Core practices of measurement in relation to biodiversity emphasize ongoing identification, monitoring, and managing, including in relation to “threatened species monitoring and protection … habitat restoration … biodiversity surveys” (2023). Such work necessarily involves biodiversity's opposite—“weeds and pest” (2023) and “feral” (2015) and “exotic” (2001) species, requiring “control” (2015). Management plans aligned with “international standards and guidelines” are highlighted across all seven factsheets, signalling the rational governance of species, threats, and spaces.
From 2006, earlier emphasis on a theoretical compatibility of Indigenous nature knowledge and science is transposed into a concrete focus on traditional ecological knowledge in partnership with science. For example, “Indigenous groups ‘care for Country’ using a combination of traditional Indigenous knowledge and contemporary western science” and “IPAs bring together traditional ecological knowledge and modern science for effective land management” (2008). The 2023 factsheet describes how the IPAs’ resources are protected by “applying First Nations ecological knowledge alongside western science.” Implicit here are claims about both the non-scientific and incomplete basis of traditional ecological knowledge and its ability to be disconnected from traditional knowledge holders so it can be “applied” in ways equivalent to modern science.

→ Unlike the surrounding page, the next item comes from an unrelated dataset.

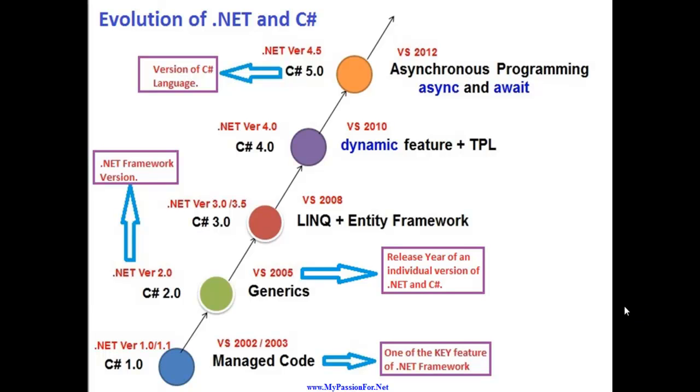So this is about the evolution of .NET and C# in .NET technology stack. Hope you might like it and you will learn something out of it. Thank you.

Theme 2: Political economies of conservation
Where Theme 1 focuses on the political effects of representations of knowledge, Theme 2 focuses on the political effects of representations of economic activity. IPA factsheets construct relationships between Indigenous peoples, Country and the nation-state by reference to embedded material-semiotic practices of capitalist economic value. Biodiversity is seen to constitute an asset, resource, and marketable commodity. As hotspots of biodiversity, IPAs are then constituted as sites of underutilized capitalist value to be realized through flows of investment that open conservation employment, markets, and partnerships—including with “universities; conservation organisations; the private sector; government agencies” (2023; originally a dot point list). These external partnerships are emphasized over partnerships between Indigenous peoples, which are referred to once in 2015.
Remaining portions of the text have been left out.